The returned value `path_sample_fit` provides access to the posterior draws from the target and base density, the joint path, and the log normalization constant:
```
sim_cauchy=extract(path_sample_fit$fit_main)
in_target= sim_cauchy$lambda==1
in_prior = sim_cauchy$lambda==0
# sample from the target
hist(sim_cauchy$theta[in_target])
# sample from the base
hist(sim_cauchy$theta[in_prior])
# the joint "path"
plot(sim_cauchy$a, sim_cauchy$theta)
# the normalization constant
plot(g_lambda(path_sample_fit$path_post_a), path_sample_fit$path_post_z)
```
Here is the output:
![cauchy exampl output](/example/img/Cauchy.jpg)


### Fitting logit and probit models together
In this example, we fit two models (probit and logiistic regressions)in one joint sampling. A path between them effectively expands the model continuously such both individual model are special cases of the augmented model. The computation efficiency is enhanced as we are fitting one slightly larger model rather than fitting two models. In addition, the log normalization constant tells which models fits the data more, which is related to but not the same as log Bayes factor in model comparisons.

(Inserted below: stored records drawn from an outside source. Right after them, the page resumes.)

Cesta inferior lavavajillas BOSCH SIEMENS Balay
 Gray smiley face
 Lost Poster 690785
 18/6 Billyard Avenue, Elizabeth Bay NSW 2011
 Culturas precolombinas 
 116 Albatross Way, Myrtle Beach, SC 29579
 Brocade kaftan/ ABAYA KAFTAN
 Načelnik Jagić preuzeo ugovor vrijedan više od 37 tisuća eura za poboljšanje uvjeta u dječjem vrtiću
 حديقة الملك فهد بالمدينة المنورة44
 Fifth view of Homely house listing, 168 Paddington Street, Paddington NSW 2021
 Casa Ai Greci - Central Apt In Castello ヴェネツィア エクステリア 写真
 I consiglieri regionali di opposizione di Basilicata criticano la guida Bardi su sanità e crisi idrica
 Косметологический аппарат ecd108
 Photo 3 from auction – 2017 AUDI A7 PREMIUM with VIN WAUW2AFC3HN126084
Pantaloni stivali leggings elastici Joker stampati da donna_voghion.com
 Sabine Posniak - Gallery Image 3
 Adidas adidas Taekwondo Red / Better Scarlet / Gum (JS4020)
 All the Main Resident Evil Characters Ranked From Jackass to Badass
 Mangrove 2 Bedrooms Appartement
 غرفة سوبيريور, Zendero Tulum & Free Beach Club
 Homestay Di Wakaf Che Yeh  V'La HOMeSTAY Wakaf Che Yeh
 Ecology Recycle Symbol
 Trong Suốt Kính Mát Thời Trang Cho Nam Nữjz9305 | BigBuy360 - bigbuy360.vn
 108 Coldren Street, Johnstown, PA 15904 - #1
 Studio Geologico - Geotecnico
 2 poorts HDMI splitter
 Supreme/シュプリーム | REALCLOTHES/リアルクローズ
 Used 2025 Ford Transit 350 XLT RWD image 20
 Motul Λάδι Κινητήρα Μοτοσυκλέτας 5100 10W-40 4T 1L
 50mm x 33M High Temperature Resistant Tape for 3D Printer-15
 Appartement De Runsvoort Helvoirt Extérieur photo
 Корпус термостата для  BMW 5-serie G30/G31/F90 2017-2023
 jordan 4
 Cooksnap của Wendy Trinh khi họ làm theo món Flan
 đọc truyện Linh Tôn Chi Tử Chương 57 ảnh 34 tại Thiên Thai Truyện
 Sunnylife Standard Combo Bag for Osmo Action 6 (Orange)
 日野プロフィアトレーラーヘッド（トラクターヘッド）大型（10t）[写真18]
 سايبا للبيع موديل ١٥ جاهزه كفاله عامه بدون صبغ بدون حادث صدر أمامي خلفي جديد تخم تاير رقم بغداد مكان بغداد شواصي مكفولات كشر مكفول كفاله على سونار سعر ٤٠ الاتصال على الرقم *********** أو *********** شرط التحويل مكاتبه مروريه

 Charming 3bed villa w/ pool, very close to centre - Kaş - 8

Let's consider a logit and probit link regression. It is avaialbe in `example/logit.stan`.
```stan
data {
int n;
int y[n];
real x[n];
}

parameters {
real beta;
}
model {
for (i in 1:n)
y[i]~ bernoulli_logit(beta * x[i]);
}
alternative model {
for (i in 1:n)
y[i]~ bernoulli(Phi(beta * x[i]));
}

```

It is recommended to write `bernoulli_lpdf` if the goal is to compute the marginal likelihood.

We generate some x and y to fit this model
```R
file_new=code_temperature_augmented(stan_file="logit/logit.stan")
sampling_model=stan_model(file_new)
update_model <- stan_model("solve_tempering.stan")
set.seed(100)
n=30
x=runif(n, 0,1)
y=rbinom(n=n, size=1, prob=exp(3*x)/max( exp(3*x) +1) )
path_sample_fit=path_sample(sampling_model=sampling_model, data=list(n=n, x=x, y=y), N_loop = 6, visualize_progress = TRUE,iter_final=6000)
```

Here is the output:
![logit exampl output](/example/img/logit.jpg)
The log z here is NOT the Bayes factor! But it can be interpreted as the posterior density of lambda: hence telling which model is more supported by the the data.
Not surprisingly, the logit model fits the data better as that is how we generate y.